My Dog Ate A Tampon

Your dog has a dirty little secret: he (or she) is obsessed with your most intimate personal items. To them, your used tampons, sanitary pads, condoms, and dirty underwear are like forbidden candy. But this habit is more than just gross and creepy, it can be downright life-threatening.

If your dog ate a tampon or other personal care product, contact your veterinarian immediately!

The severity of the situation depends on several factors, but regardless of whether your dog ate a used or unused tampon, you should talk to a vet immediately. An unused tampon that was outside of the applicator could potentially expand in your dog’s stomach, resulting in more blockage.

What to Expect at the Vet When Your Dog Has Injested a Tampon

The treatment your dog receives will vary depending on his condition.

The first thing your vet will likely do is check your dog’s vitals and perform a basic examination. He or she will also ask you questions about your dog’s behavior and the timing of the ordeal.

Then, the vet will likely try to ascertain the location of the tampon (and anything else he may have eaten from the trashcan). This will usually begin with a quick peek inside your dog’s mouth – the tampon string may be stuck to your dog’s teeth, for example, which would make removal a bit simpler.

If the tampon isn’t visible in your pet’s mouth, your vet may use a tool called an endoscope (basically a long, flexible tube with a tiny camera at the end) to look down your dog’s throat.
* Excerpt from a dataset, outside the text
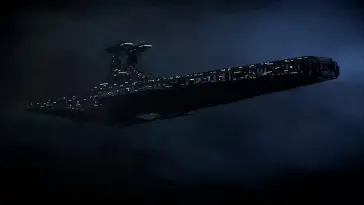 دانلود والپیپر متحرک جنگ ستارگان وِنِیتور Venator Star Wars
If this proves fruitless, your vet may order an X-ray to try to locate the tampon (technically, tampons don’t show up on X-rays, so your vet will actually look for trapped gas or food, which will indicate where the tampon is).
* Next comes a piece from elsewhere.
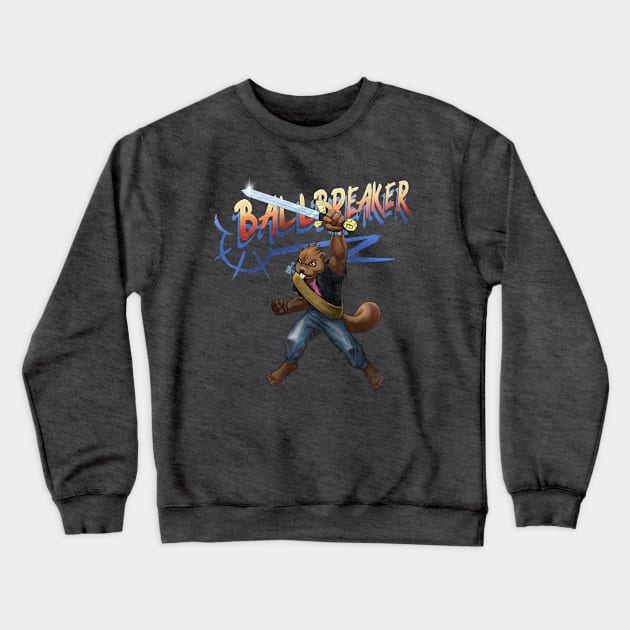 Ballbreaker "Ramis" - vintage Crewneck Sweatshirt by MunkeeWear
If your vet determines that the tampon was only eaten within the last hour or so and hasn’t passed very far along the digestive tract, he or she may administer an emetic – a drug that induces vomiting (don’t attempt to do this yourself without first consulting your vet).

If this works, your dog will likely barf up the tampon and recover fairly quickly. If however, the tampon has become stuck farther along the digestive tract, surgery may be required.

Dog Ate Tampon: How Long to Pass?

Bowel obstructions will typically cause vomiting, loss of appetite, pain, and diarrhea within 24 to 72 hours of eating the object. Dogs quickly become dehydrated and aren’t able to keep down food or water. Because tampons are so absorbent, they can dry out the gut wall when they’re stuck. This will cause damage to the gut wall. It can stretch very thin over the blockage, and even die or burst and spill its contents, leading to peritonitis – an infection that can easily become fatal.

My Dog Ate A Tampon

My Dog Ate a Tampon, How Do I Induce Vomiting?

If the tampon was eaten within the last four hours, then your veterinarian may be able to give an injection to induce strong, reliable vomiting to remove the objects from the stomach. This will prevent them from going any further into the bowels where they may cause more severe problems.

There are circulating stories of inducing vomiting at home without the veterinary injection, such as feeding your dog hydrogen peroxide or salt and butter. These home remedies are not reliable, and these products can be extremely dangerous for your dog – the home remedy can sometimes make the dog sicker than the original problem! The veterinary injection is safe and reliable, so it is the best option and you can get the right professional veterinary advice at the same time. You should never induce vomiting at home unless your vet deems it’s worth the risk.